Nur Hidayat Said : Rabu, 05 Agustus 2020 08:03
Erna Rasyid Taufan.

RAKYATKU.COM, PAREPARE - Badan Kontak Majelis Taklim (BKMT) Kota Parepare kembali membagikan westafel portabel atau alat pencuci tangan menggunakan pedal kaki atau yang kerap disebut westafel keran injak.

Kali ini, penerima adalah SDIT KH Ahmad Dahlan. Bantuan westafel diserahkan Ketua BKMT Parepare, Erna Rasyid Taufan, kepada Kepala SDIT KH Ahmad Dahlan, Saiful Amir di rumah jabatan Wali Kota Parepare, Senin (3/8/2020).

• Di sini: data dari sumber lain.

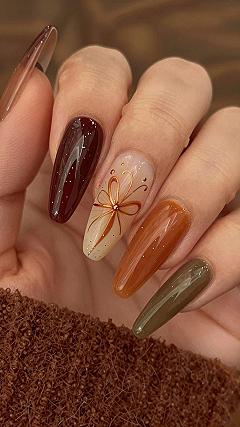 Applying Ribbon Nail Art and Fall Polish Colors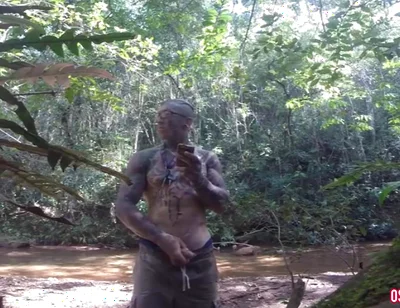 Handjob in the Waterfall Cumming with Soft Cock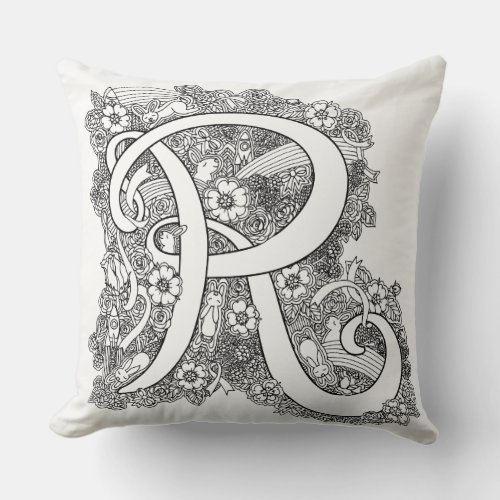 Letter R mono doodle tangled patterned pillow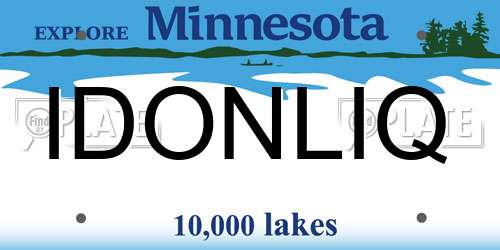 IDONLIQ Minnesota License Plate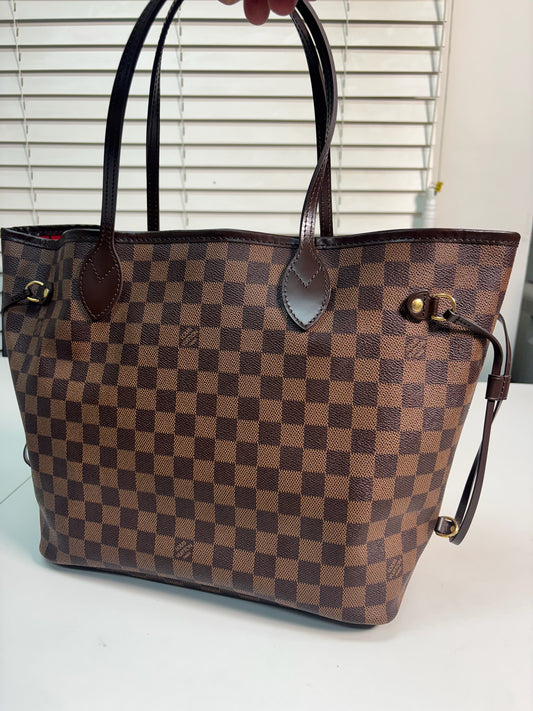 Louis Vuitton PVC Damier Ebene Canvas Neverfull MM Shoulder Bag N41358 (V012150427HJ)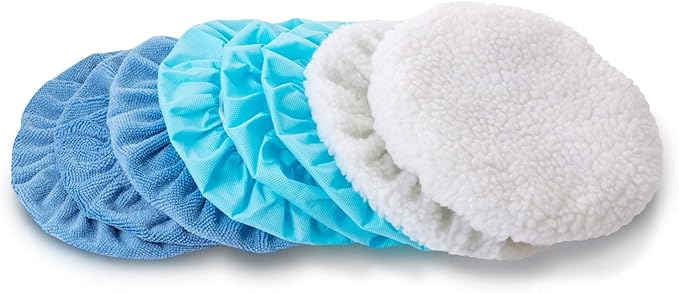 20 Pieces Car Orbital Buffer Polisher Pad Bonnet Microfiber Max Bonnet Polishing Buffing Pad Cover(5-6 Inches)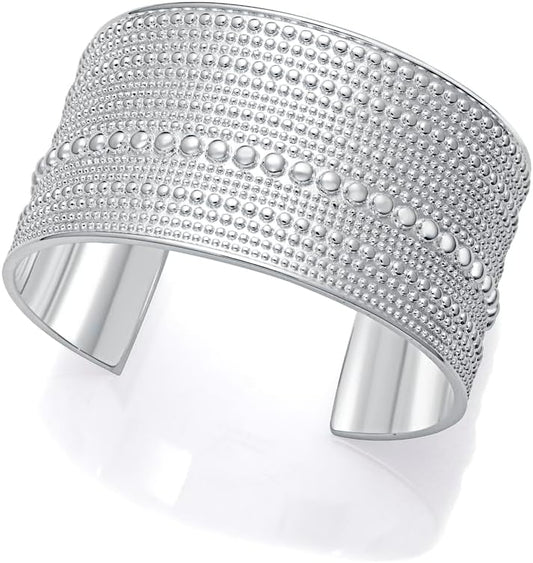 Viceroy Brazalete Fashion Mujer 14316P01000 – Acero Chapado en Plata, Diseño Rígido de Bolas, Colección Laura Escanes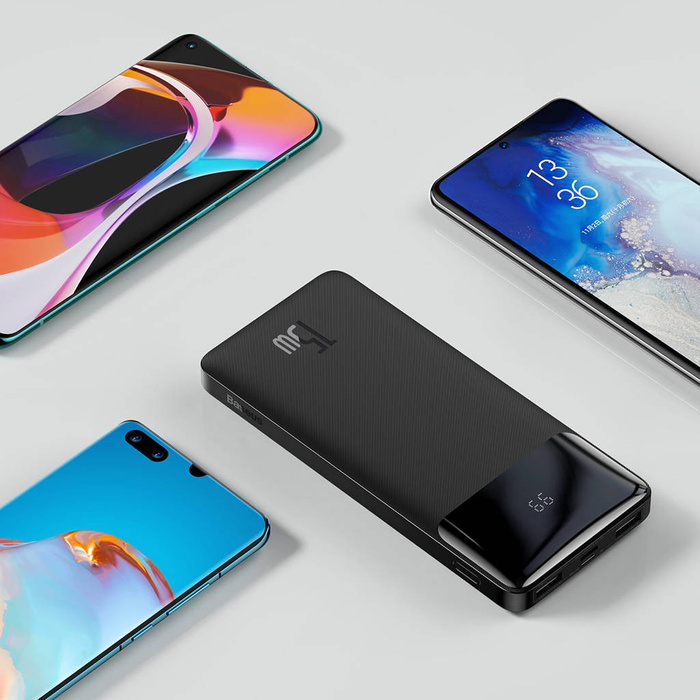 Baseus Bipow Powerbank mit Display 10000mAh 15W schwarz (Overseas Edition) + USB-A - Micro USB 0,25m Kabel schwarz (PPBD050001)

"Kami kembali melaksanakan program Bascov atau Basmi Covid-19 dengan menyerahkan bantuan westafel keran injak. Ini adalah tahap kedua. Jumlahnya sama dengan tahap pertama, yakni 10 unit," ujar Erna Rasyid Taufan yang juga Ketua Tim Penggerak PKK Parepare.

Melalui program Bascov tersebut, lanjut Erna, pihaknya berkomitmen mendukung Pemkot Parepare dalam menuntaskan penyebaran Covid-19, dengan cara menyosialisasikan cara mencuci tangan tanpa memegang keran air atau tempat sabun.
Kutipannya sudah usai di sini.